# Problem statement:
The answer should hold only the lines from the one containing "Used 2024 Toyota Tacoma SR5 RWD image 2" through the one containing "Schöne neu renovierte" in the entries below, copied exactly, without pictures.

# The input:
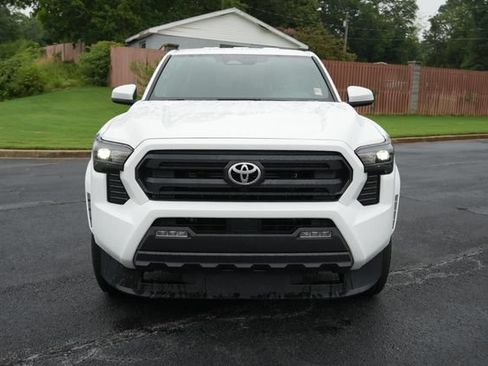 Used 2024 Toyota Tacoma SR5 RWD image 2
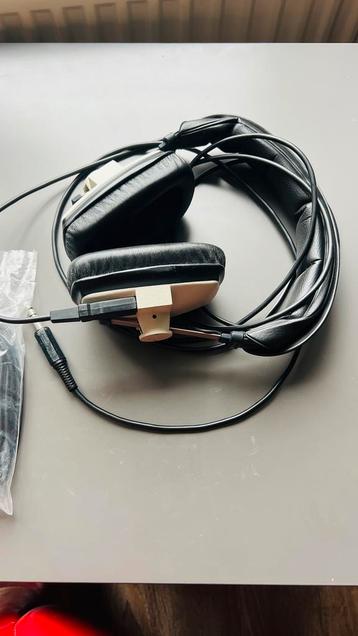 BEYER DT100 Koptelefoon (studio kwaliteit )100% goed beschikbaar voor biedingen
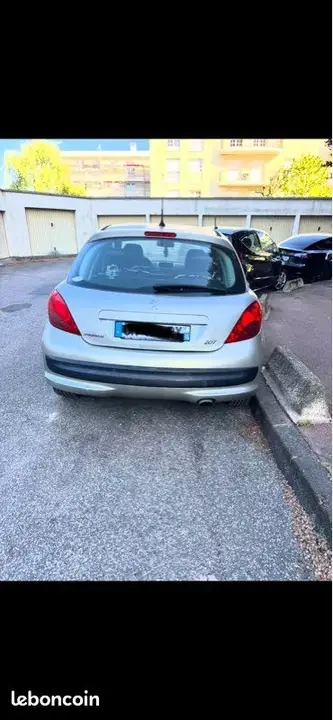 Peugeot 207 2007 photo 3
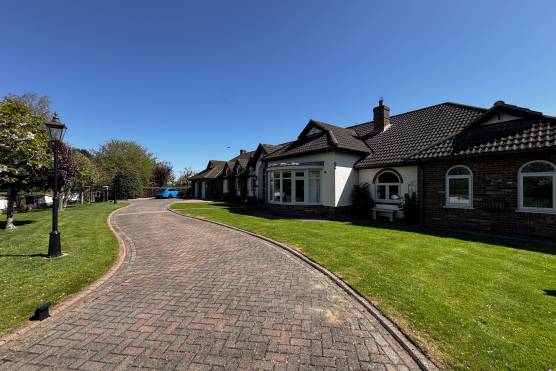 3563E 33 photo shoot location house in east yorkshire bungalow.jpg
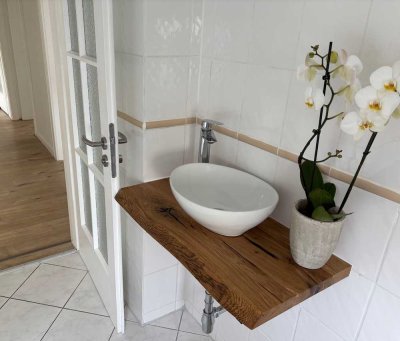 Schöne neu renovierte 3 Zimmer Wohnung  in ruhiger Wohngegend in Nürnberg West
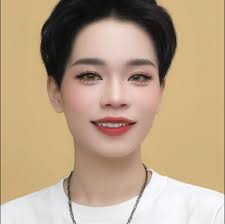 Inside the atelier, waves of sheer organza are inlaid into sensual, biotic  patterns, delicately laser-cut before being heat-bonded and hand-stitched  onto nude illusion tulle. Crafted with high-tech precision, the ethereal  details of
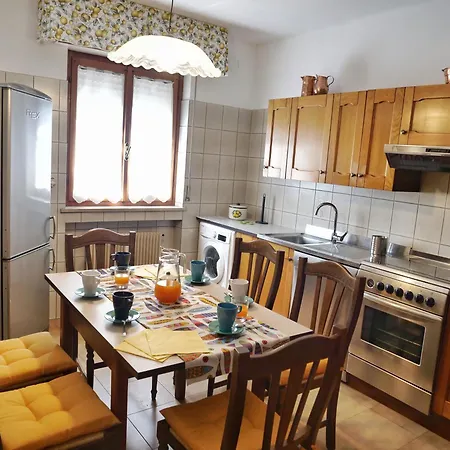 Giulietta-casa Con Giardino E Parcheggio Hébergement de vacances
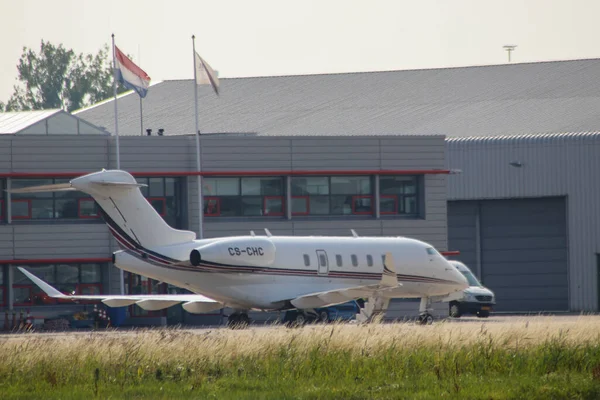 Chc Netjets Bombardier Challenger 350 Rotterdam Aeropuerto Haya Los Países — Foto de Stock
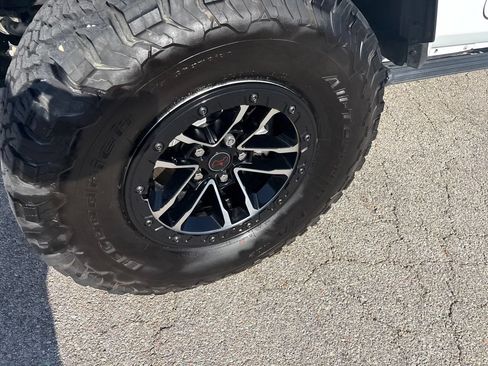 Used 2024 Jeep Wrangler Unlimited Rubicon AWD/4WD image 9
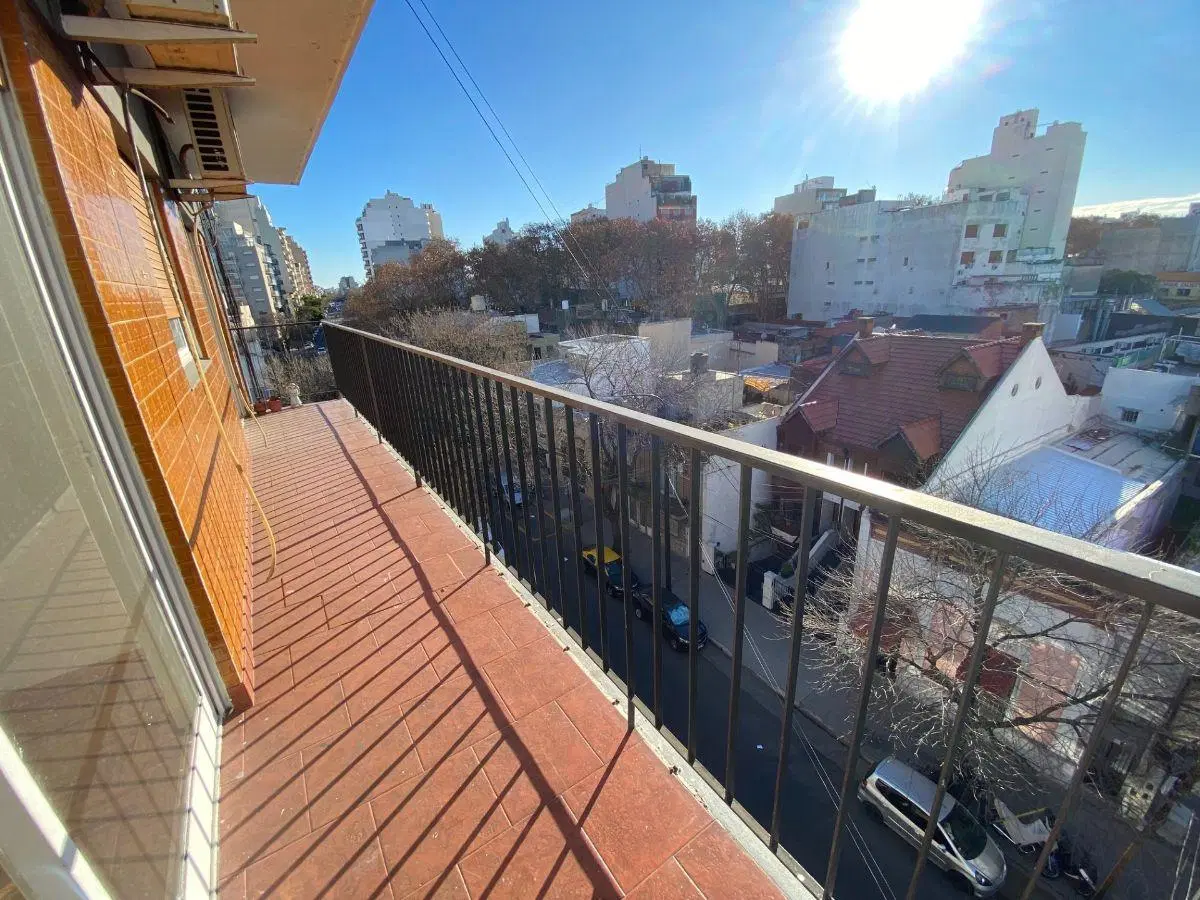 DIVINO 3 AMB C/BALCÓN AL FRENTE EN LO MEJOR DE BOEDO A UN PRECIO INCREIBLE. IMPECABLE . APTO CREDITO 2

* * *

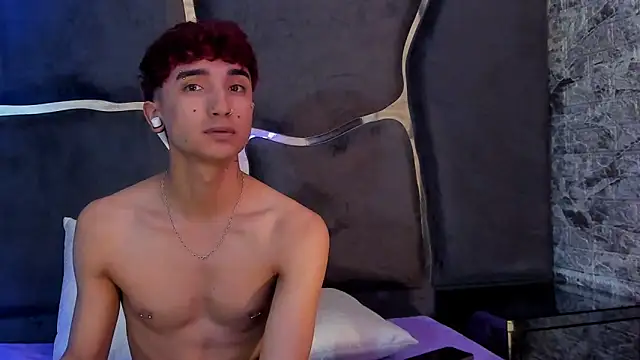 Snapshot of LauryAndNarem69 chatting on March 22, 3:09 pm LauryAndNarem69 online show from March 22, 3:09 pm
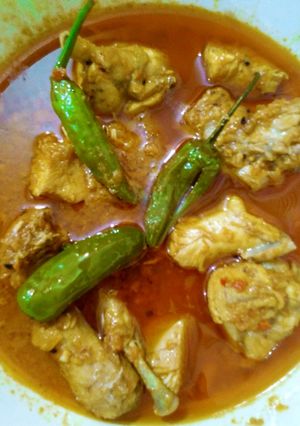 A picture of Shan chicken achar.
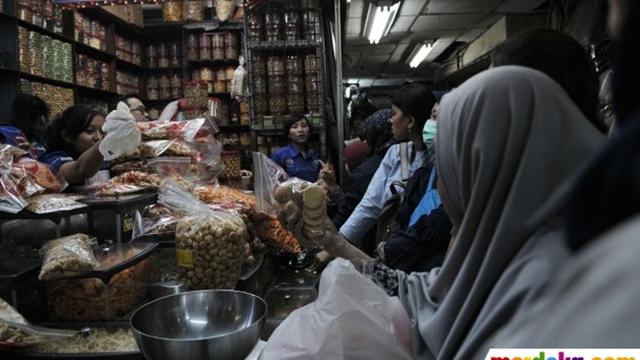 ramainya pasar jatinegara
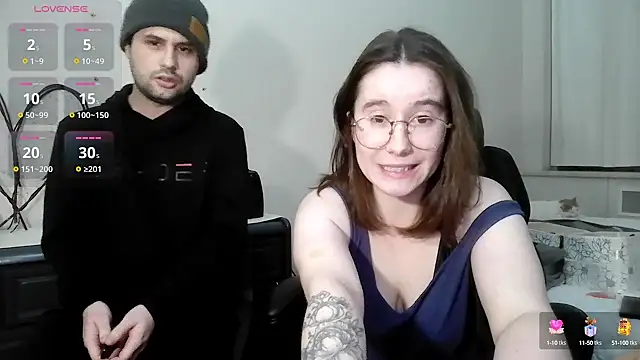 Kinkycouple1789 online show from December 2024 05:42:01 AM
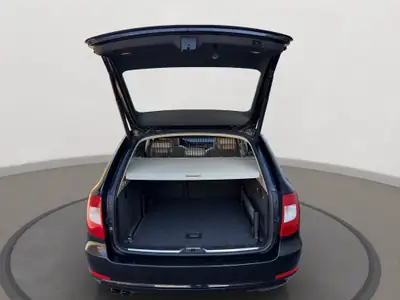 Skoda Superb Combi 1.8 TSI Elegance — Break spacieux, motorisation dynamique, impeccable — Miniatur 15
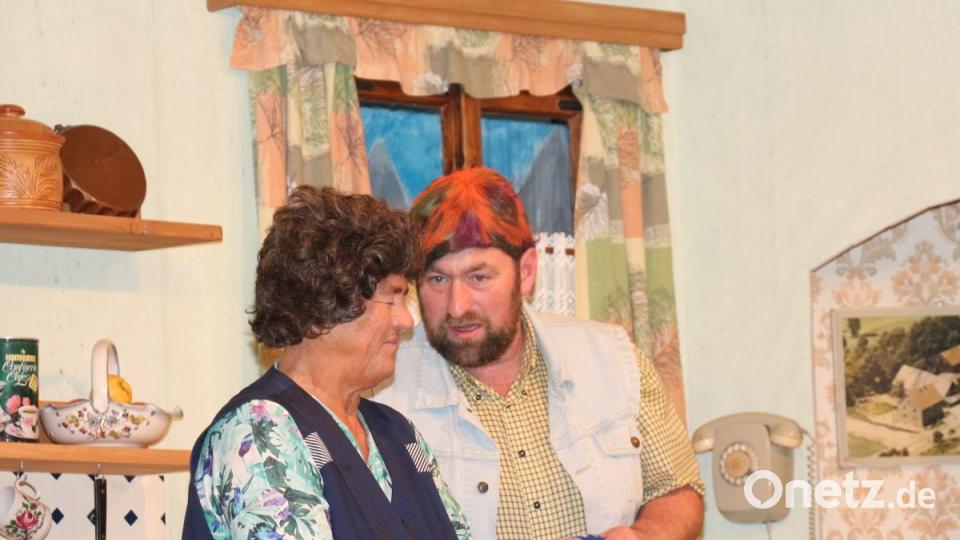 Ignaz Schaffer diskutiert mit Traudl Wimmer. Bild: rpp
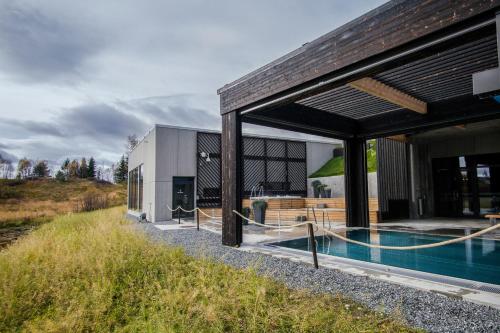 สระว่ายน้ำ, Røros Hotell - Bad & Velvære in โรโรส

# Expected answer:
 Used 2024 Toyota Tacoma SR5 RWD image 2
 BEYER DT100 Koptelefoon (studio kwaliteit )100% goed beschikbaar voor biedingen
 Peugeot 207 2007 photo 3
 3563E 33 photo shoot location house in east yorkshire bungalow.jpg
 Schöne neu renovierte 3 Zimmer Wohnung  in ruhiger Wohngegend in Nürnberg West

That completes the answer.